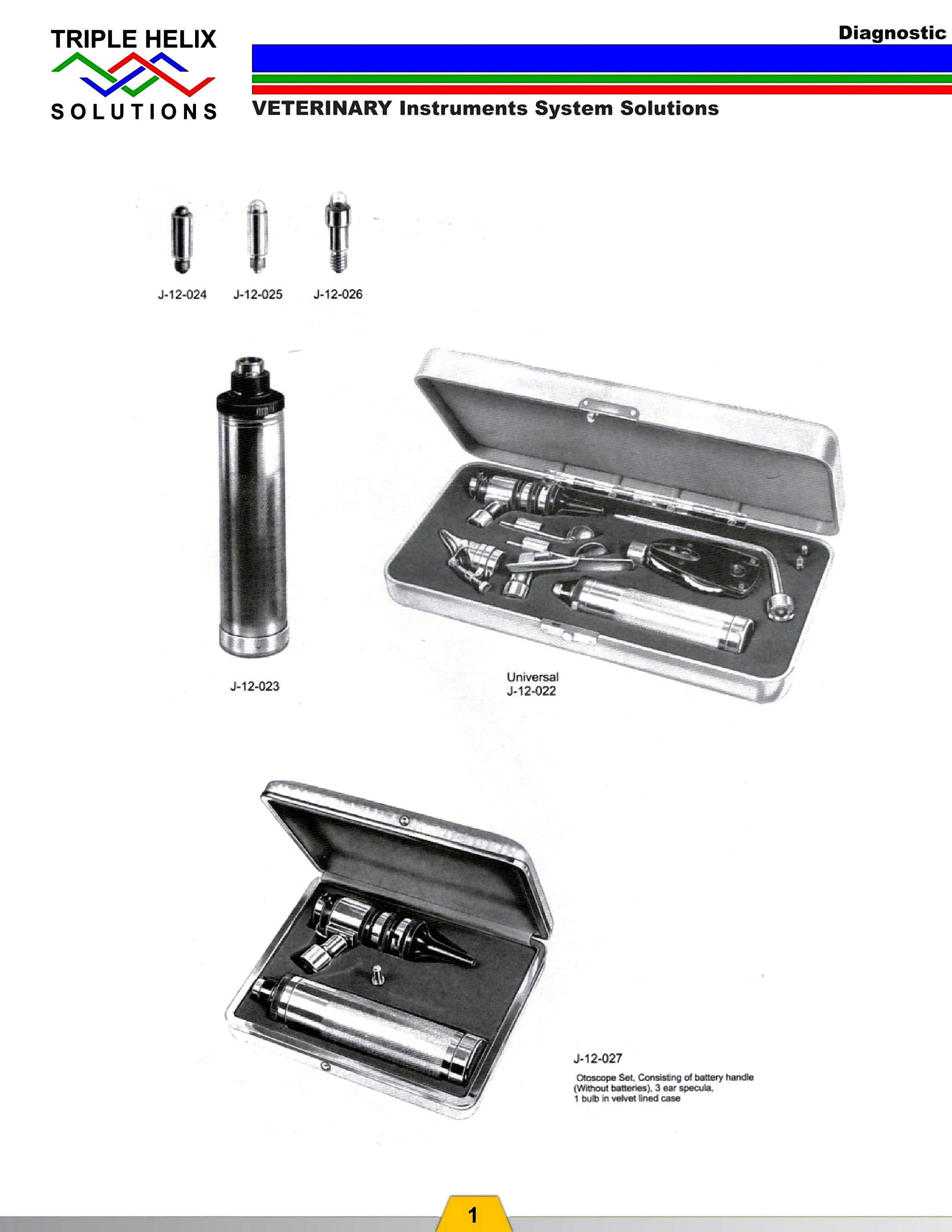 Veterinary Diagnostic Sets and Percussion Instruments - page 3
--
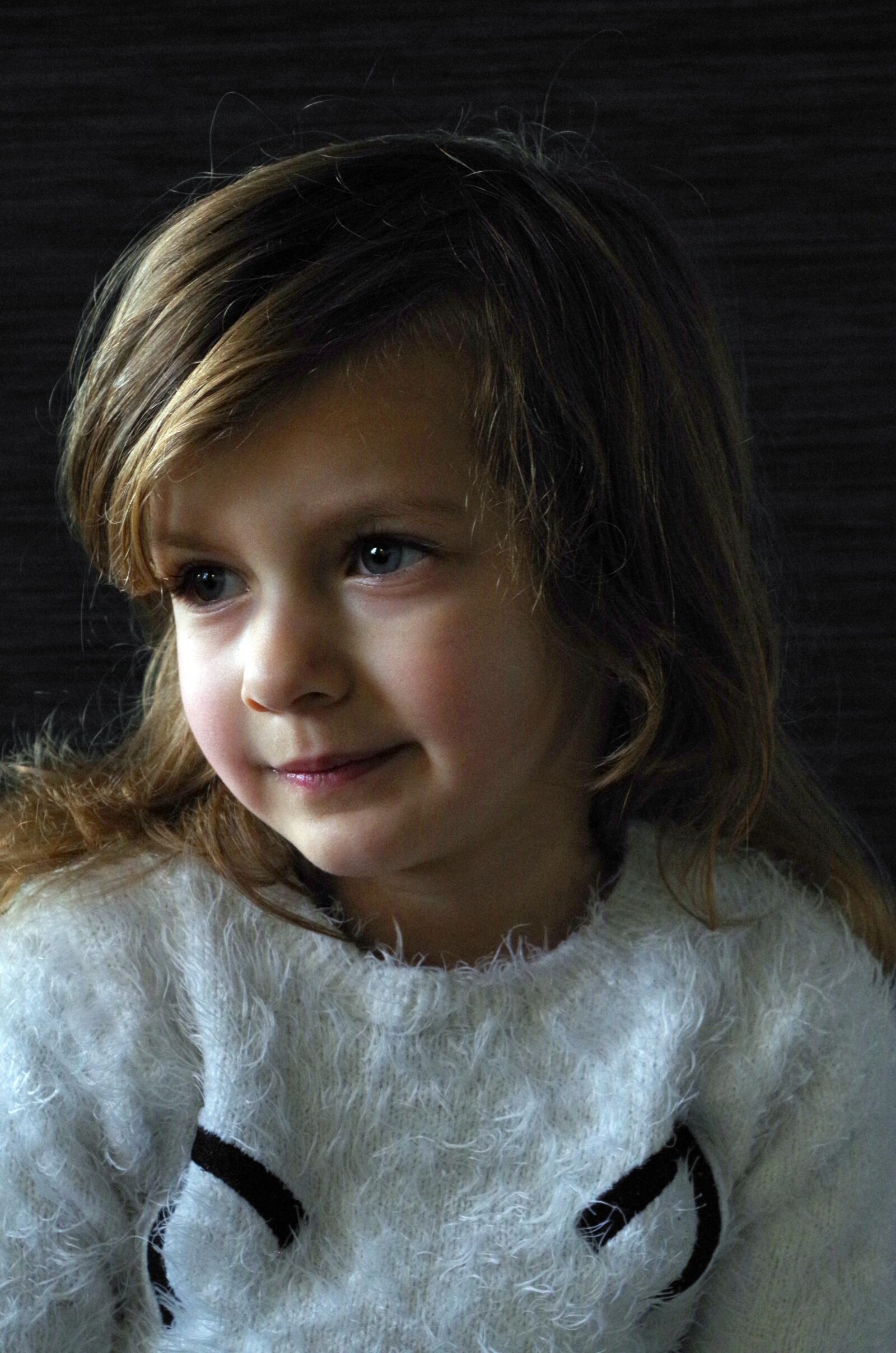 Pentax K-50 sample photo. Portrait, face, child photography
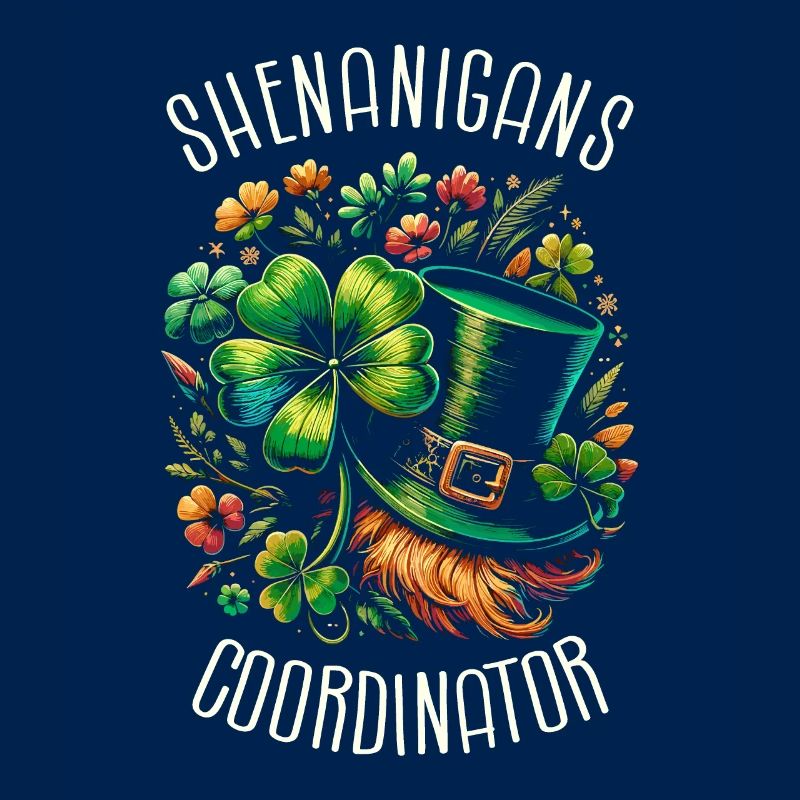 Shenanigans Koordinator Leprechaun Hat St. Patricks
* * *
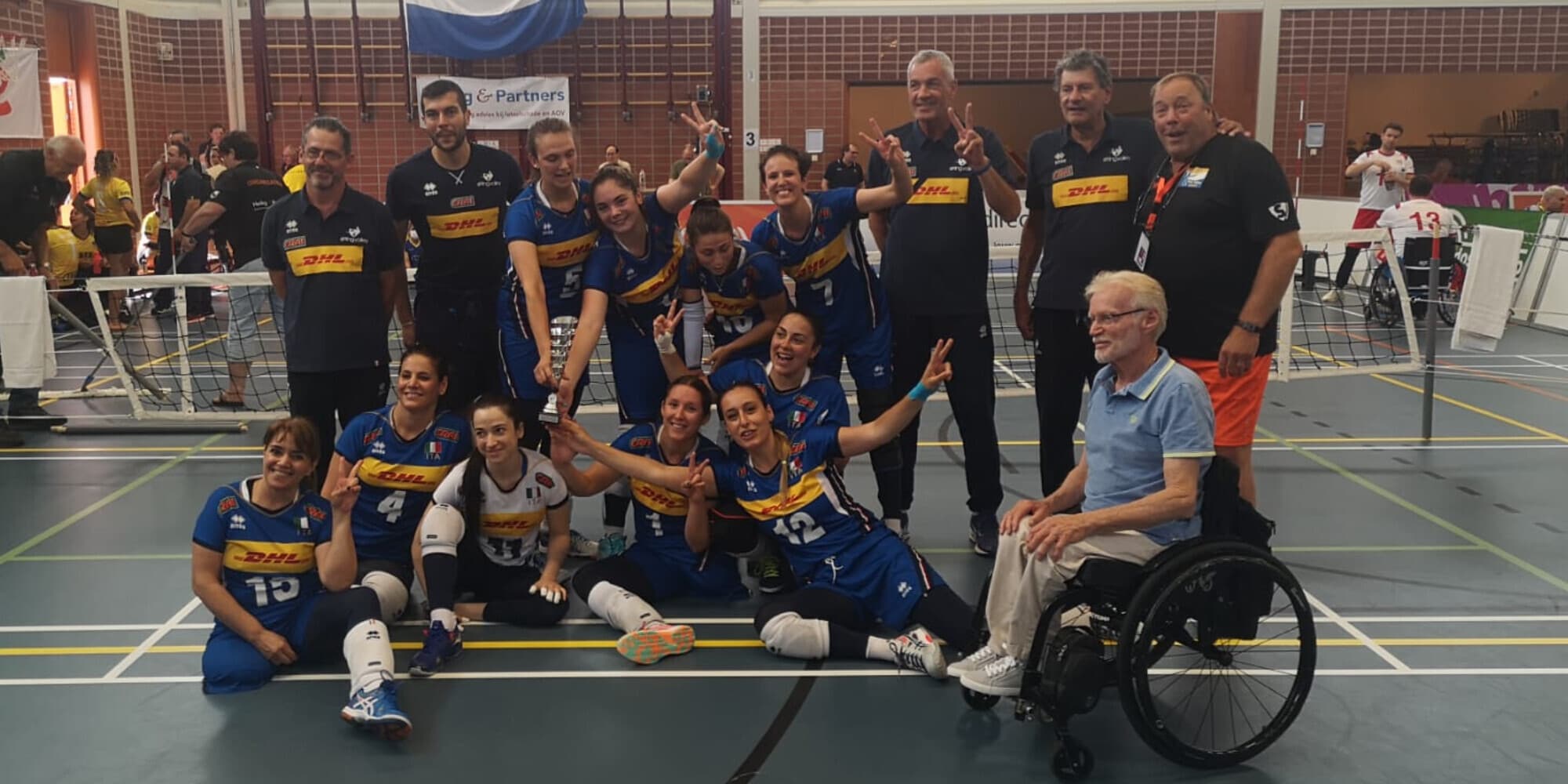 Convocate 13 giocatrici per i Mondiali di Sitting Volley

■ Work task ■
In the data above, start at the line holding "Pentax K-50 sample" and stop after the line holding "Shenanigans Koordinator Leprechaun"; write out those lines exactly, without pictures.

■ Result of the task ■
 Pentax K-50 sample photo. Portrait, face, child photography
 Shenanigans Koordinator Leprechaun Hat St. Patricks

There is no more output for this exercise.